# 2nd Anniversary



## cazscot (May 28, 2011)

It has just dawned on me that I had forgotton my 2nd Anniversary of joining Weightwatchers on the 21st...

Looking back at my chart the first year I lost almost 5 stone the 2nd year I have lost nothing...  I am exactly the same weight I was this time last year...  Talk about being up and down like a bloomin yo yo .  I did at one point last September get down into the 14s but since then I have just stabalised at the middle 15s...

I am not complaining as I am now 6 dress sizes smaller and can shop it Tesco/Asda for my clothes  and I am so much healthier than I have ever been.  I am sure if I had stopped going to Weightwatchers I would have probably put the 5 stone back on...
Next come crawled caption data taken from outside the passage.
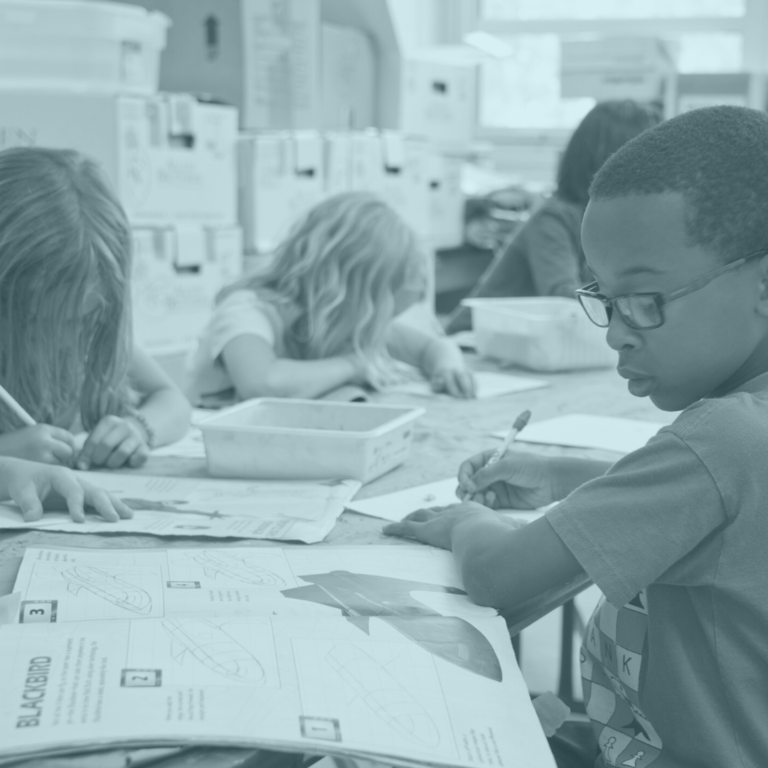 Children sitting at a table in school classroom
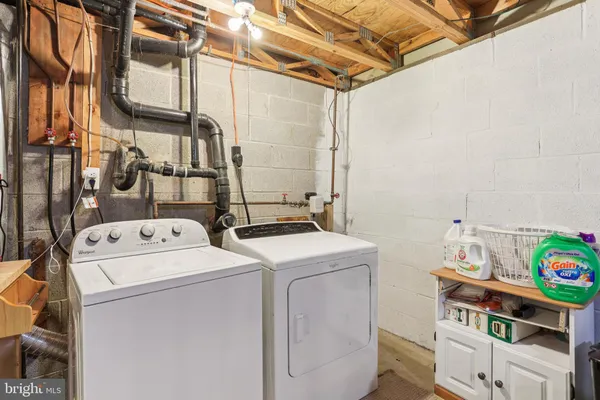 a living room with furniture and a black umbrella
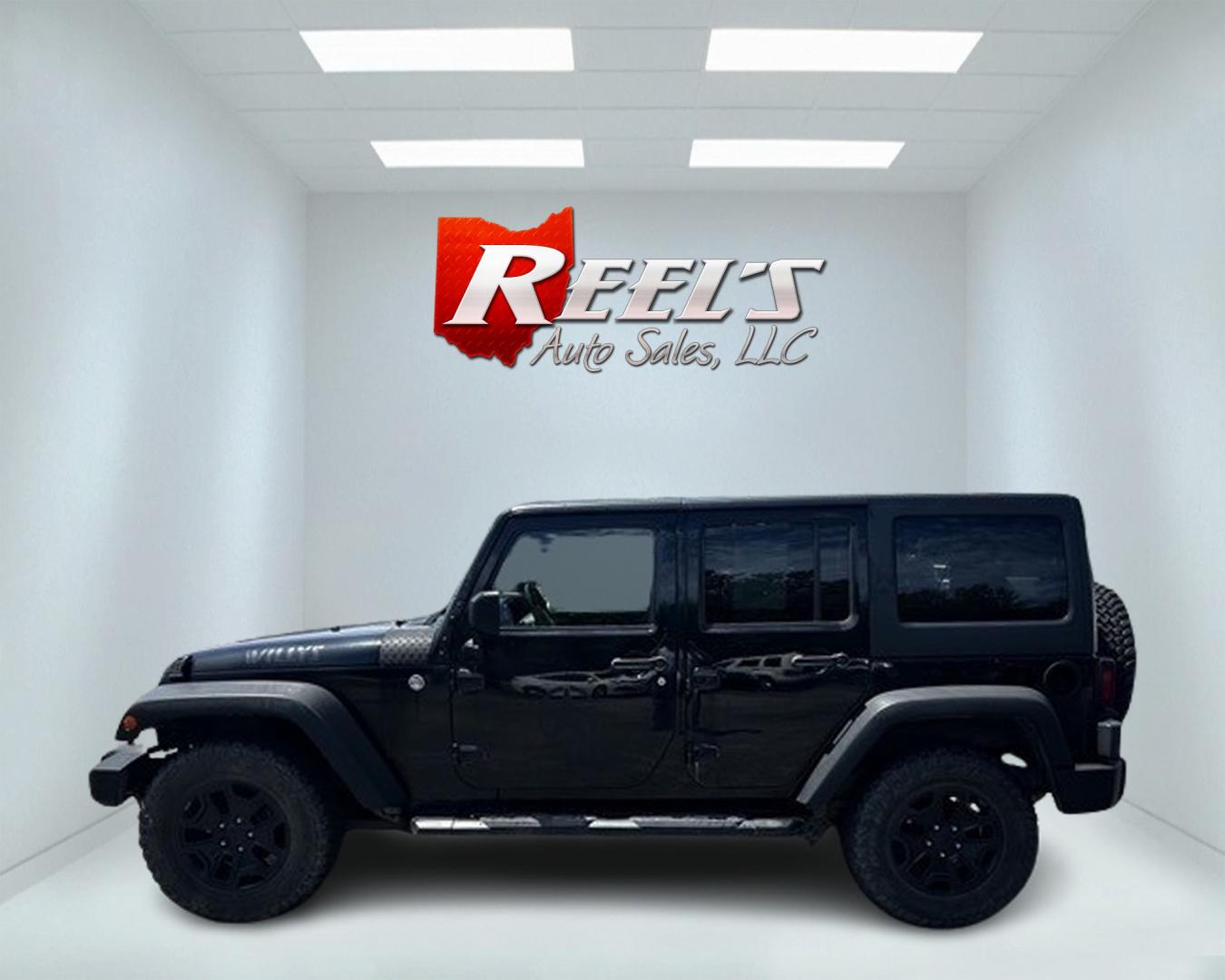 2015 Black /Black Jeep Wrangler Unlimited Willys 4WD (1C4BJWDG9FL) with an 3.6L V6 DOHC 24V engine, 6 Speed Manual transmission, located at 11115 Chardon Rd. , Chardon, OH, 44024, (440) 214-9705, 41.580246, -81.241943 - This 2015 Jeep Wrangler Unlimited Willy Wheeler Edition is a capable and well-equipped off-road vehicle. It features a 3.6-liter Pentastar V6 engine paired with a 6-speed manual transmission, offering a traditional driving experience favored by many off-road enthusiasts. The vehicle comes with sever - Photo#9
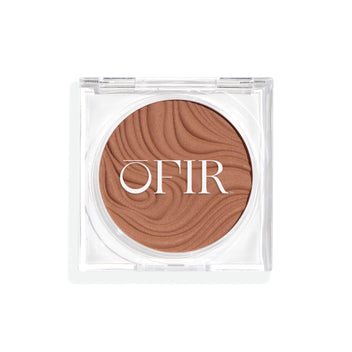 Compact cream bronzer in a light nude shade with a shiny finish in a transparent case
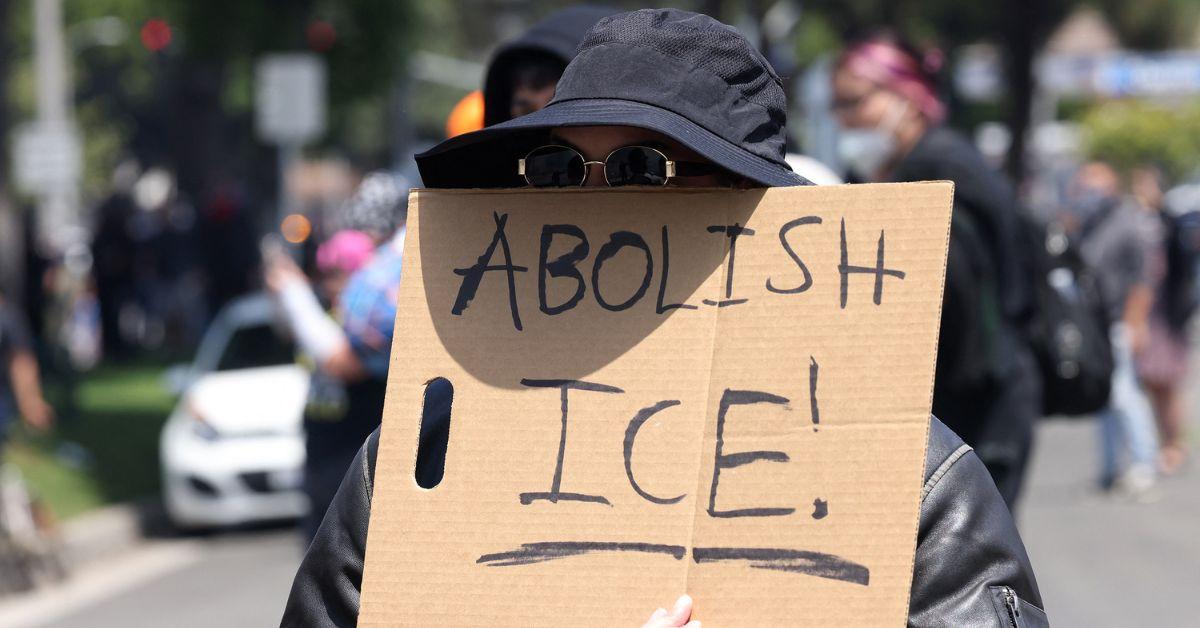 A protester holding an Abolish ICE sign.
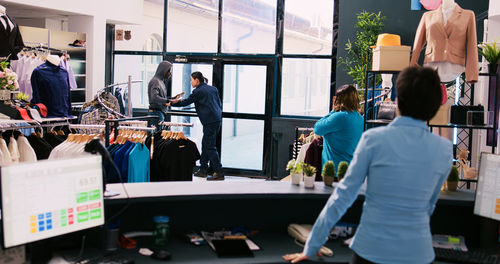 Rear view of people working in gym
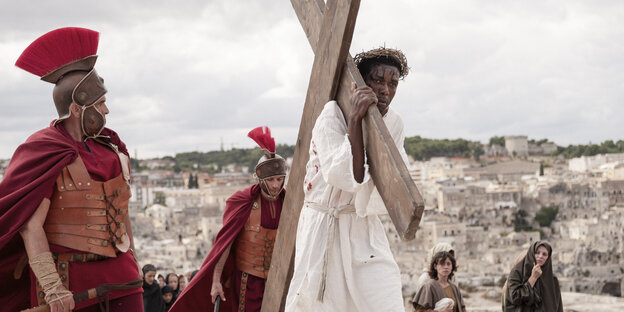 Jesus, gespielt vom schwarzen Schauspieler Yvan Sagnet, mit dem Kreuz, im Hintergrund die Stadt Matera.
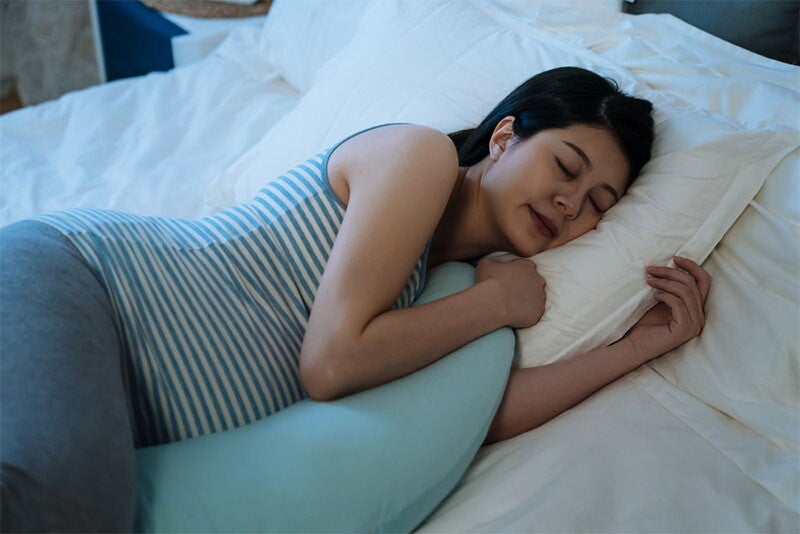 Asian woman pregnant at 38 weeks sleeps on her side using a pillow to support her belly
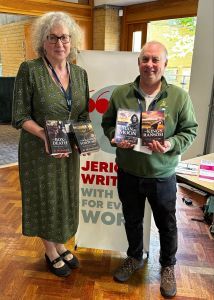 photo of Debbie and Rory holding Rory's books in front of a Jericho Writers banner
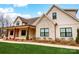 Detailed view of the new home with brick and siding exterior, covered porch and professional landscaping at 317 Boyd Rd, Clover, SC 29710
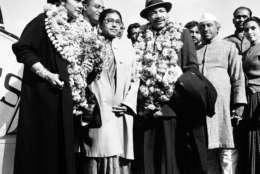 American civil rights leader Rev. Dr. Martin Luther King, Jr. and his wife Coretta, both wearing garlands, are received by admirers after landing at the airport in New Delhi, India, Feb. 10, 1959.  King, who is known here as the American Gandhi, flew here on what he calls a "four-week pilgrimage in India which to me means Mahatma Gandhi."  (AP Photo/R. Satakopan)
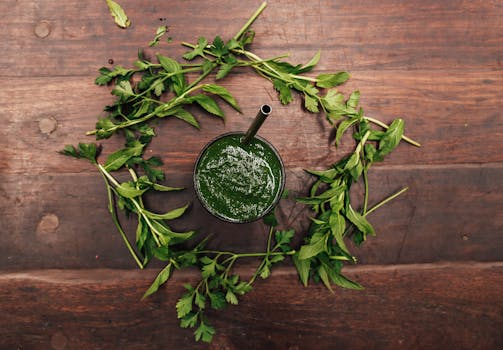 Top view of a green smoothie in a glass surrounded by fresh herbs on a wooden table.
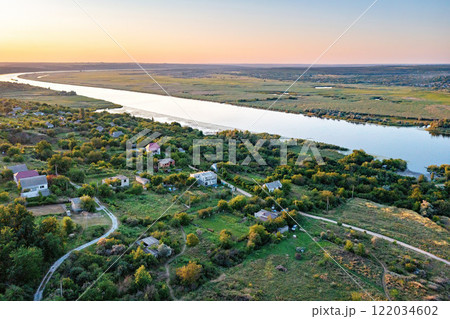 Scenic riverside landscape at sunset reveals serene village tranquility and lush greenery. Aerial photo. Scenic riverside landscape at sunset reveals serene village tranquility and lush greenery. Aerial photo. 122034602
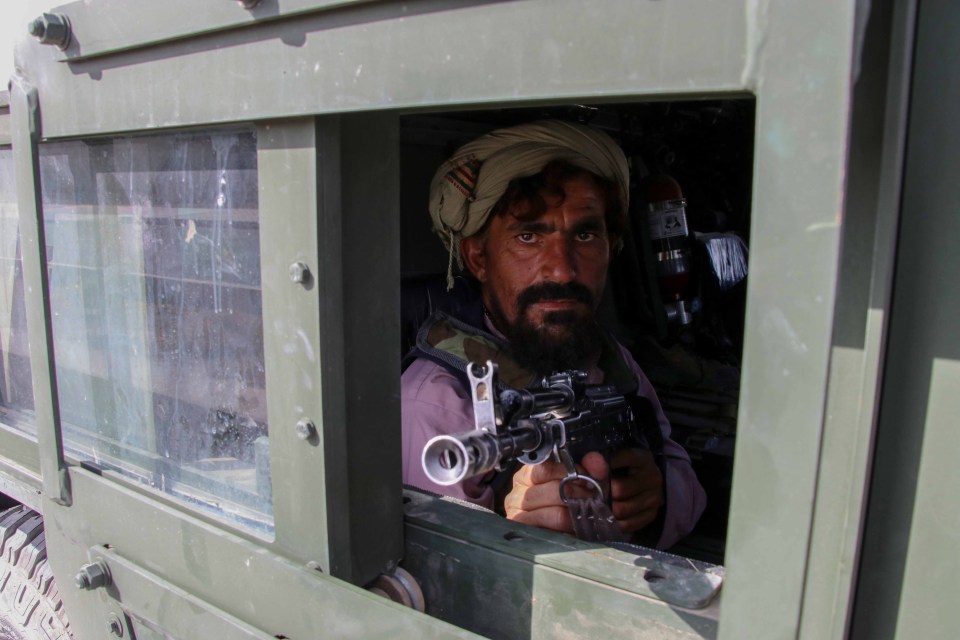 A Taliban fighter lords it after the withdrawal of US forces in Kandahar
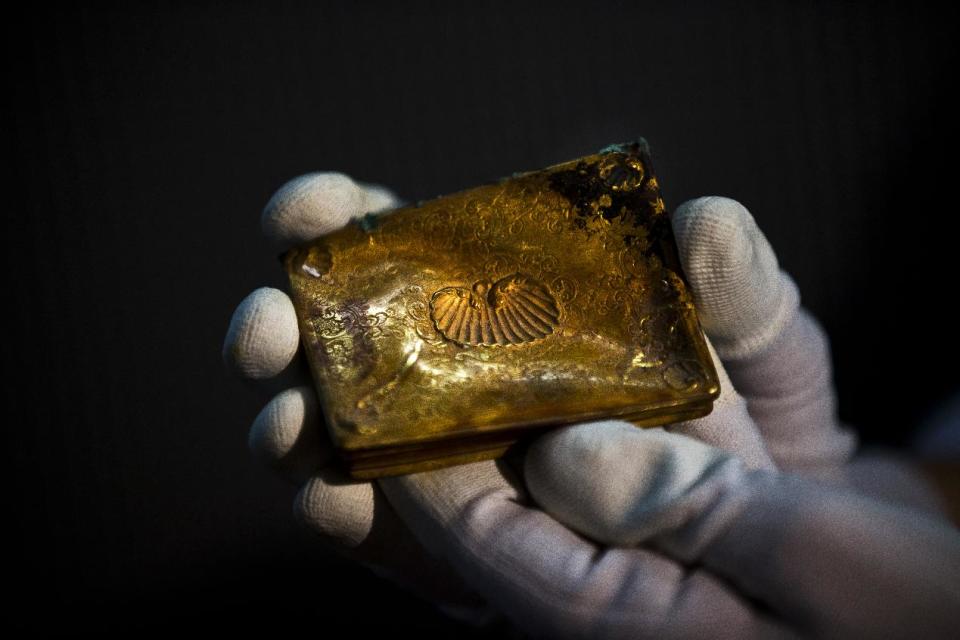 A worker of the ministry holds up for photographers a gold tobacco box from the shipwreck of a 1804 galleon, on its first display to the media at a Ministry building, in Madrid, Friday, Nov. 30, 2012. Spanish cultural officials have allowed the first peep at 16 tons (14.5 metric tons) of the shipwreck, 'Nuestra Senora de las Mercedes' a treasure worth an estimated $500 million that a U.S. salvage company gave up after a five-year international ownership dispute. (AP Photo/Daniel Ochoa de Olza)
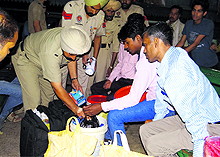 The police check belongings of passengers at the railway station in Bathinda on Thursday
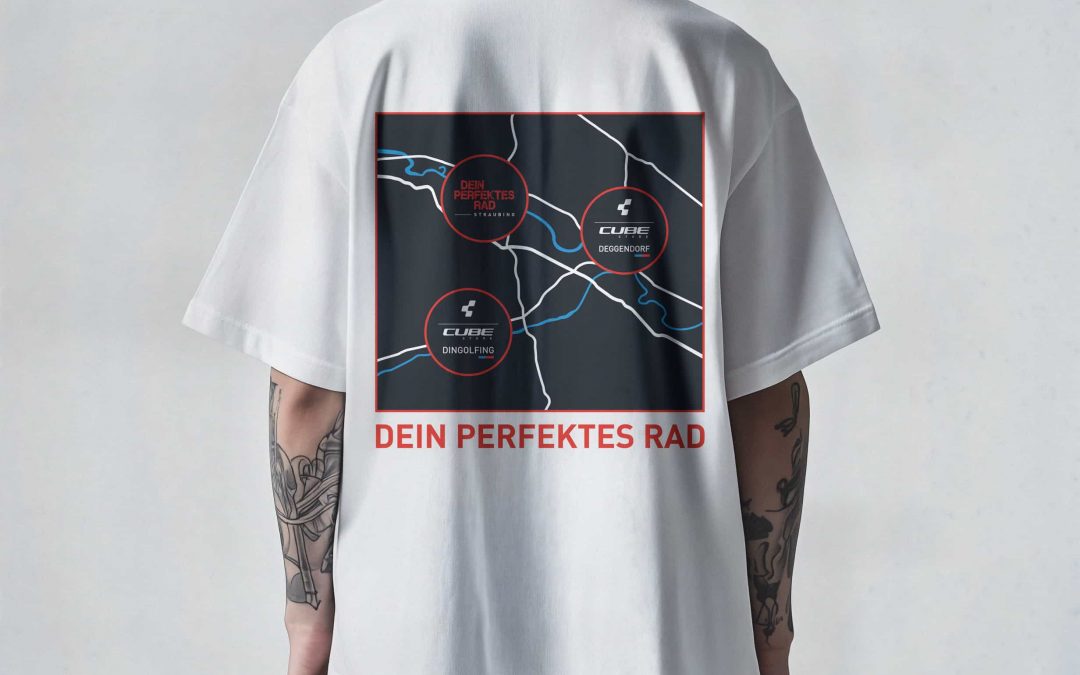 Eine Person trägt ein weißes T-Shirt mit einer Kartengrafik und drei markierten Orten auf dem Rücken. Unter der Landkarte ist in roter Farbe der Text DEIN PERFEKTES RAD aufgedruckt. Die Person hat tätowierte Arme.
I will be celebrating tonight (going to have my fave crisps) then will be fully back on the waggon tomorrow morning!

Onwards and Downwards


----------



## Steff (May 28, 2011)

Carole you have come such a long way since back then your deserve to be proud ,we all are of you .x Enjoy your night tonight hun x


----------



## eat2live (May 28, 2011)

very well done to you!!
you've done so well, and as you say if you had stopped going it might have come back on....i envy you...it must feel great to lose weight like that


----------



## Northerner (May 28, 2011)

Hope you have a lovely celebration Carol! You have such a great attitude that I'm sure the weight loss will come in time. 5 stones in one year is astonishing, and your pleasure at the loss you have achieved shines through every post and picture - you are a true inspiration!


----------



## Sheilagh1958 (May 28, 2011)

Wow what a great achievement. Hopefully this year you go on to loose s little buy more if thats what you want.


----------



## lucy123 (May 28, 2011)

Carol - many many times I have heard people say they have lost 5 stone or  more in x months (less than a year) ....however, you are honestly the only person that I know that has kept every bit of that 5 stone off....so thats what you should embrace and celebrate tonight - they always say losing it is the easier bit - its the keeping it off thats hard! Well done -very proud of you!


----------



## cazscot (May 28, 2011)

Thanks everyone, I have found the balance of my calories in and calories out LOL .  Now that I have started going back to Aqua Aerobics and doing my walking hopefully that will start tipping the balance  

Going to enjoy tonight then back on track tomorrow xxx


----------